Purpose: To see if you can make a candle out of a crayon.

The cheap tri-fold display board went on to walk the judges through the complexities of the wildly underwhelming experiment. A Post-it Note probably would have sufficed. Here’s the project in a nutshell:

Hey, do you think we can make a candle out of a crayon?

Yeah, probably.

OK, let’s cut a groove along the crayon and stick in a bit of string for a wick.

Got it. Now what?

Light it on fire.

Sure thing.

Did it work?

Not really.

… Neat.

Shockingly, no one from the Nobel Prize committee came knocking on my door.

In retrospect, the real experiment I conducted was determining the minimum amount of effort required for a passing grade. In that regard, it was a roaring success, with WAX just squeaking past the “good-enough” threshold.

My mastery of mediocrity extended beyond lacklustre contributions to the scientific community. Poetry competitions were another annual tradition at my elementary school. The events challenged students to recite memorized rhymes while simultaneously trying not to pee themselves from the sheer terror of being in a gymnasium filled with parents and other bored relatives.

One year, to reduce the risk of whizzing my pants at school again, I scoured the library for the shortest allowable poem I could find. The content of the piece was largely irrelevant. I simply needed something that met the minimum 16-line requirement. Thumbing through a few books, I soon found one that fit the bill and got to work memorizing the brief ballad.

But as the day of the recital drew closer, I started to pay more attention to what I was rehearsing. Indeed, the more I read it, the more I thought the ending was rather… abrupt. I can’t remember what the actual poem was about, but it would be like watching Star Wars and having the credits roll in the middle of Obi-Wan and Darth Vader’s fight scene. It just didn’t make sense.

And then I turned the page.

My heart sank to the floor. The poem continued for another 16 lines. And while the narrative arc certainly made much more sense, I now only had half the poem memorized with the recital just around the corner.

I had two options. One: alert my teacher of my discovery and work my butt off to memorize the rest of the poem. Or two: pretend I hadn’t seen the second page, get on stage, and deliver a bizarre, half-baked poem with a cliff-hanger ending.

Considering my science project, you can probably guess which route I chose…

The rewards of hard work

Satisfactory is hardly satisfying. Yes, my science project met the requirements needed for a passing grade. Ditto for my poetry recital. But what did I really get out of that work?

By contrast, I look back at another science project I did in elementary school — this one on constellations. For that assignment, I buried my nose in piles of books, pored over astrological maps and devoted weeks to learning about the stars in the sky. Decades later, I can still pick out a slew of constellations and can tell you the mythology behind them.

When I lived in Taiwan, I met a fellow ESL teacher who was learning Chinese like a boss.
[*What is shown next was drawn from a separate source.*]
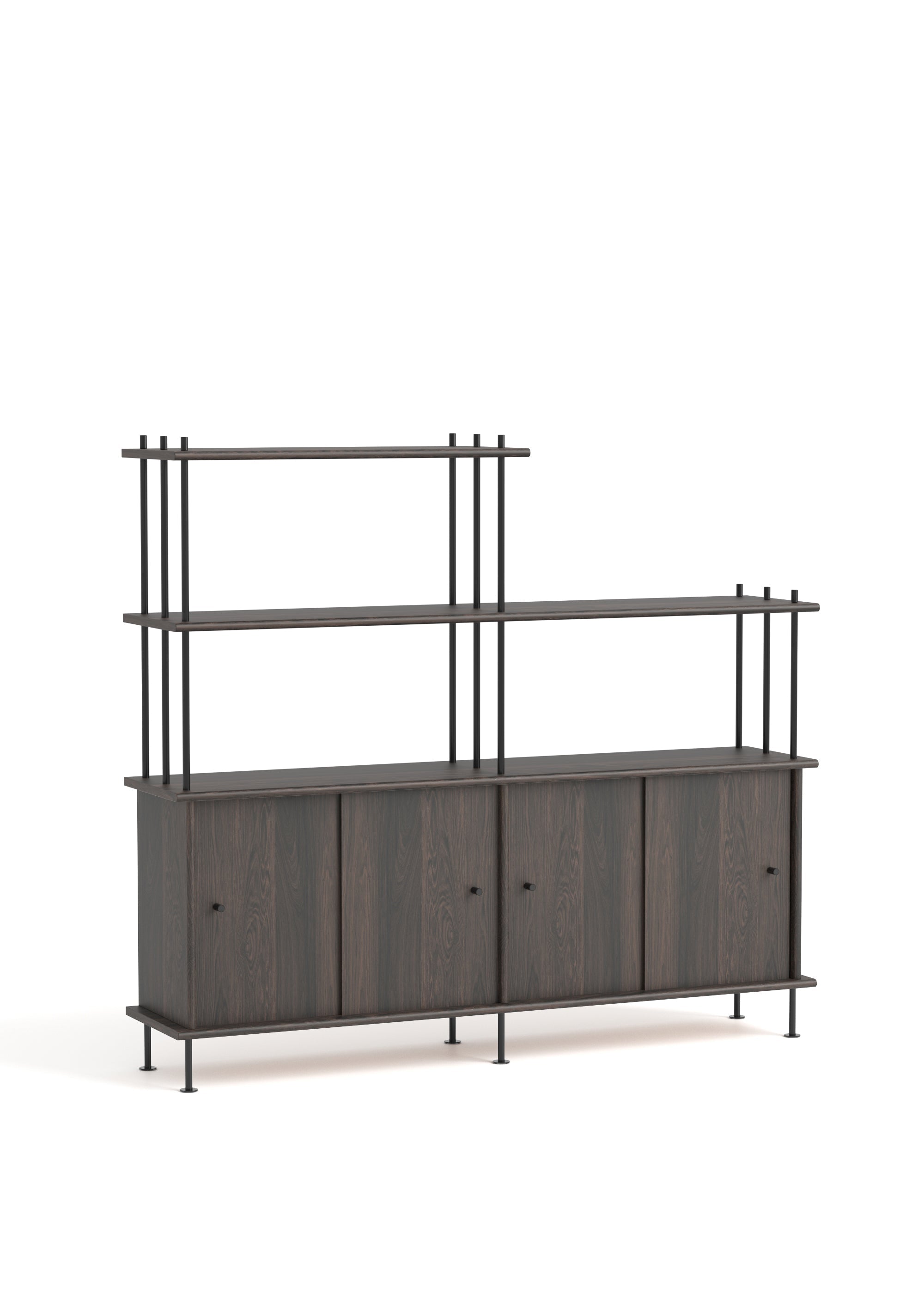 BAVA 160 Cabinet in Ebony Oak Wood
I remember someone asking him what his secret was. His response? “I spend two hours a night studying and practising.”

It comes down to the amount of work you’re willing to put into something. More often than not, the difference between good and great isn’t a mind-blowing idea, raw talent, fancy gear or getting lucky. It’s simply the effort behind it.
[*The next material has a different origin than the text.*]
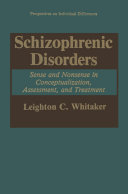 Read Pdf Schizophrenic Disorders:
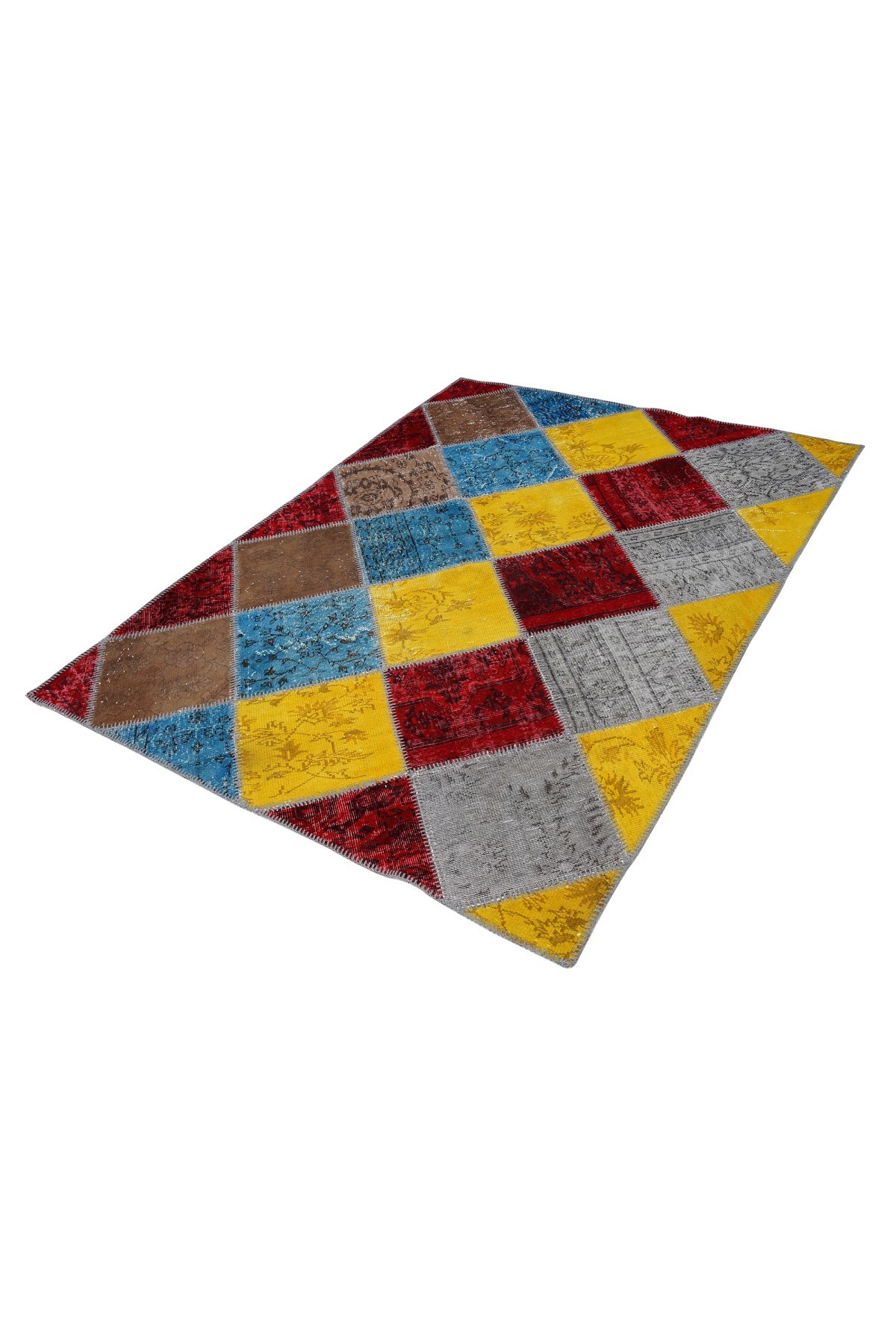 Patchwork Renkli Modern El Dokuma Halı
The results are obvious. The more effort I put in on a blog post, the more visits I get to my website that week. The more training I put in, the better I perform in a trail race. The more time I spend gathering firewood, the bigger the bonfire on the beach.

Crossing off an item on my to-do list is a great feeling. Crossing off an item that I know I’ve done well is even more satisfying. Sure, there are times when I only have time or energy to give a task a lick and a promise. But I try not to let the bare minimum become my default setting. So dig deep. Take the time to give that screw one extra twist, push through the pain in your legs on your next run, rehearse that presentation a few more times before going to bed.

Because when it comes to external results and internal satisfaction, the secret is simple: you get what you put in.